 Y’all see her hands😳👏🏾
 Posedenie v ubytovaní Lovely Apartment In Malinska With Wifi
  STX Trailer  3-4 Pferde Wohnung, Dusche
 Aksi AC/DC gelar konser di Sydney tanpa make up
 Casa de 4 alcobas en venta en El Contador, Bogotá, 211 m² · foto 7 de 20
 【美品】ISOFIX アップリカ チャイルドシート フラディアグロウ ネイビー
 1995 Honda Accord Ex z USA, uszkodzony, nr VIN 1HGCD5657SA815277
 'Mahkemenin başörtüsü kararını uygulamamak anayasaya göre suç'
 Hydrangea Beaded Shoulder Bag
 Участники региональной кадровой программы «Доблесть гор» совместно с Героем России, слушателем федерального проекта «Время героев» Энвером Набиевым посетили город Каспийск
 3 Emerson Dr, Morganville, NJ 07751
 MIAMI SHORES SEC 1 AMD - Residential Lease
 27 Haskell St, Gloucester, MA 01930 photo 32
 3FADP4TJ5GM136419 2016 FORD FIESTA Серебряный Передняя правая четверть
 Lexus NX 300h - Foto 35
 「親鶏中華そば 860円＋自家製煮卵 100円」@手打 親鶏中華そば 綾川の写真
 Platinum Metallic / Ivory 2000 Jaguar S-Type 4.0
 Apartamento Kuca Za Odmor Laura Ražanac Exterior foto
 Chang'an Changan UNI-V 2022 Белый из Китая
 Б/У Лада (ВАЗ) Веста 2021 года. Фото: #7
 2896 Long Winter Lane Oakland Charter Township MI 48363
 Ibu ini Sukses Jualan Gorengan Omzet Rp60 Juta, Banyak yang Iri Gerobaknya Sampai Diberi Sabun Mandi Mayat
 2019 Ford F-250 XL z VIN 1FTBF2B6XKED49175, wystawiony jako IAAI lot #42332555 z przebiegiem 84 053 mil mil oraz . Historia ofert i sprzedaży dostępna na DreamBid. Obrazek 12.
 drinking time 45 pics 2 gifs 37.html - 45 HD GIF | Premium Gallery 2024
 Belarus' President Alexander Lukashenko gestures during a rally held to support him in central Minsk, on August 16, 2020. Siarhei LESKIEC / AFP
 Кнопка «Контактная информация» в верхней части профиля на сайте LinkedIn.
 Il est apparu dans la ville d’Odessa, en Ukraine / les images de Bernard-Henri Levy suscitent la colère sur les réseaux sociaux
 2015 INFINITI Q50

◆ ◆ ◆ ◆ ◆

All of the entries are to be set down again without alteration.

• _RESPONSE AREA_
 Y’all see her hands😳👏🏾
 Posedenie v ubytovaní Lovely Apartment In Malinska With Wifi
  STX Trailer  3-4 Pferde Wohnung, Dusche
 Aksi AC/DC gelar konser di Sydney tanpa make up
 Casa de 4 alcobas en venta en El Contador, Bogotá, 211 m² · foto 7 de 20
 【美品】ISOFIX アップリカ チャイルドシート フラディアグロウ ネイビー
 1995 Honda Accord Ex z USA, uszkodzony, nr VIN 1HGCD5657SA815277
 'Mahkemenin başörtüsü kararını uygulamamak anayasaya göre suç'
 Hydrangea Beaded Shoulder Bag
 Участники региональной кадровой программы «Доблесть гор» совместно с Героем России, слушателем федерального проекта «Время героев» Энвером Набиевым посетили город Каспийск
 3 Emerson Dr, Morganville, NJ 07751
 MIAMI SHORES SEC 1 AMD - Residential Lease
 27 Haskell St, Gloucester, MA 01930 photo 32
 3FADP4TJ5GM136419 2016 FORD FIESTA Серебряный Передняя правая четверть
 Lexus NX 300h - Foto 35
 「親鶏中華そば 860円＋自家製煮卵 100円」@手打 親鶏中華そば 綾川の写真
 Platinum Metallic / Ivory 2000 Jaguar S-Type 4.0
 Apartamento Kuca Za Odmor Laura Ražanac Exterior foto
 Chang'an Changan UNI-V 2022 Белый из Китая
 Б/У Лада (ВАЗ) Веста 2021 года. Фото: #7
 2896 Long Winter Lane Oakland Charter Township MI 48363
 Ibu ini Sukses Jualan Gorengan Omzet Rp60 Juta, Banyak yang Iri Gerobaknya Sampai Diberi Sabun Mandi Mayat
 2019 Ford F-250 XL z VIN 1FTBF2B6XKED49175, wystawiony jako IAAI lot #42332555 z przebiegiem 84 053 mil mil oraz . Historia ofert i sprzedaży dostępna na DreamBid. Obrazek 12.
 drinking time 45 pics 2 gifs 37.html - 45 HD GIF | Premium Gallery 2024
 Belarus' President Alexander Lukashenko gestures during a rally held to support him in central Minsk, on August 16, 2020. Siarhei LESKIEC / AFP
 Кнопка «Контактная информация» в верхней части профиля на сайте LinkedIn.
 Il est apparu dans la ville d’Odessa, en Ukraine / les images de Bernard-Henri Levy suscitent la colère sur les réseaux sociaux
 2015 INFINITI Q50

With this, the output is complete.